-- TASK --
All lines from the top of the records below through the line holding "Tesla home charger", and only those, should be printed exactly, minus the pictures.

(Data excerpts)
Content starts
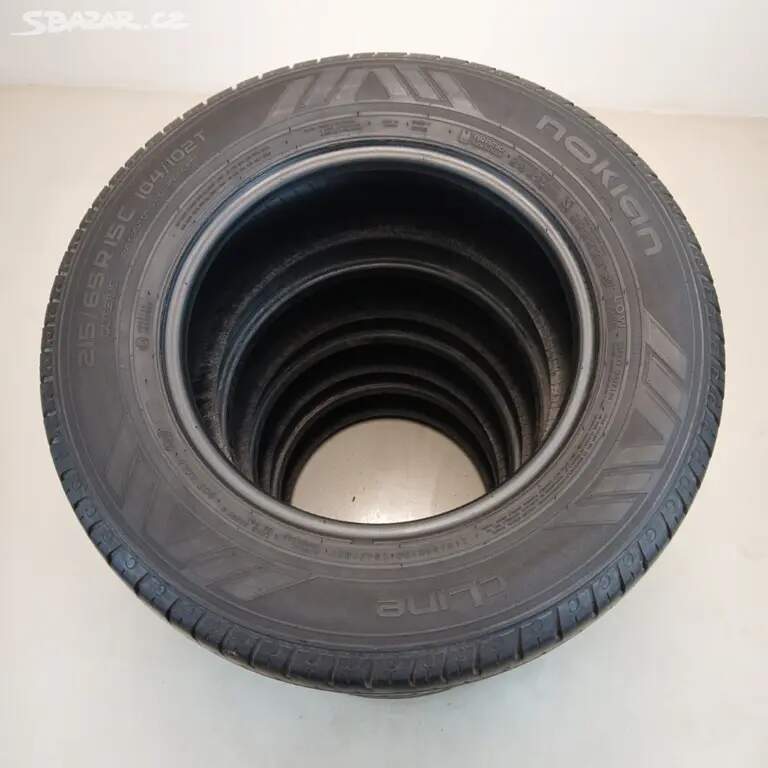Letní pneu NOKIAN 215/65 R15C 104/102 T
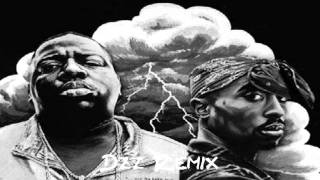 2Pac amp Biggie  Lets Get It On Dzz Remix Real Hip Hop [upl. by Theadora]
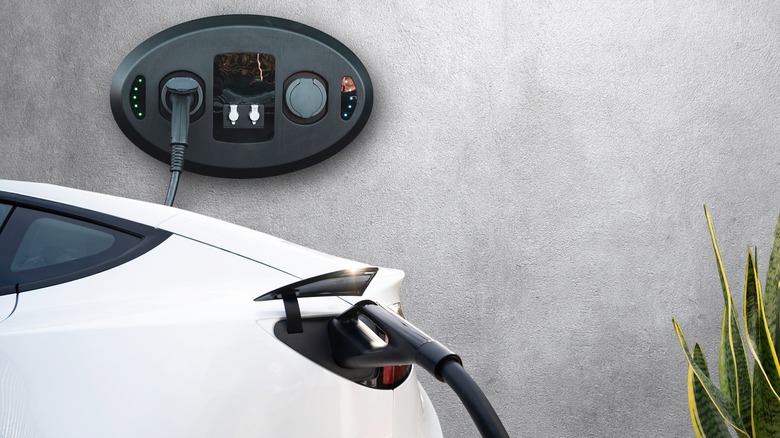 Tesla home charger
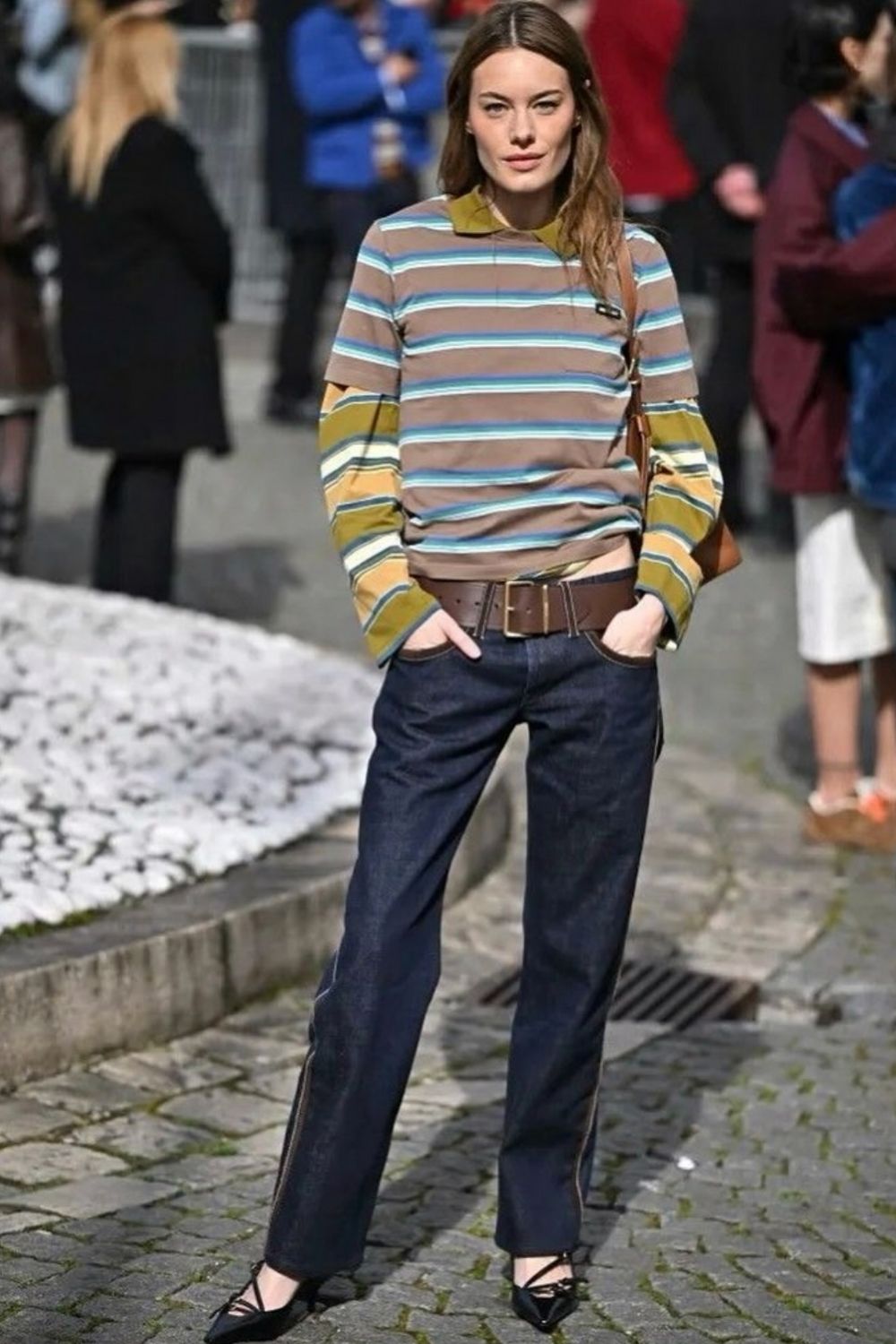 Discover stylish dark blue jeans outfit ideas for every season, from casual everyday looks to elevated city styles. Learn how to style dark denim with blazers, coats, knits, and statement accessories. Dark Blue Denim Jeans Outfit, Dark Blue Baggy Jeans Outfit, Dark Blue Jeans Outfit Women, Dark Blue Jeans Outfit Aesthetic, Dark Blue Wide Leg Jeans Outfit, Dark Blue Jeans Outfit Winter, Dark Blue Flare Jeans Outfit, Dark Blue Flared Jeans Outfit, Dark Blue Jeans Outfit Summer, Baggy Dark Blue Jeans Outfit, Dark Blue Jeans Outfit Casual, Dark Blue Bootcut Jeans Outfit, Dark Blue Straight Jeans Outfit, Outfit Ideas With Dark Blue Jeans, Dark Blue Wash Jeans Outfit, Mom Jeans, Dark Blue Cargo Jeans Discover stylish dark blue jeans outfit ideas for every season, from casual everyday looks to elevated city styles. Learn how to style dark denim with blazers, coats, knits, and statement accessories. Dark Blue Denim Jeans Outfit, Dark Blue Baggy Jeans Outfit, Dark Blue Jeans Outfit Women, Dark Blue Jeans Outfit Aesthetic, Dark Blue Wide Leg Jeans Outfit, Dark Blue Jeans Outfit Winter, Dark Blue Flare Jeans Outfit, Dark Blue Flared Jeans Outfit, Dark Blue Jeans Outfit Summer, Baggy Dark Blue Jeans Outfit, Dark Blue Jeans Outfit Casual, Dark Blue Bootcut Jeans Outfit, Dark Blue Straight Jeans Outfit, Outfit Ideas With Dark Blue Jeans, Dark Blue Wash Jeans Outfit, Mom Jeans, Dark Blue Cargo Jeans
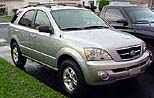 Suggested oil change belonging to 2003 SORENTO vehicle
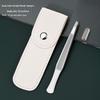 High Precision Stainless Steel Eyebrow Tweezers for Hair Removal and Beard Trimming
Content ends
-- ANSWER SECTION --
Letní pneu NOKIAN 215/65 R15C 104/102 T
 2Pac amp Biggie  Lets Get It On Dzz Remix Real Hip Hop [upl. by Theadora]
 Tesla home charger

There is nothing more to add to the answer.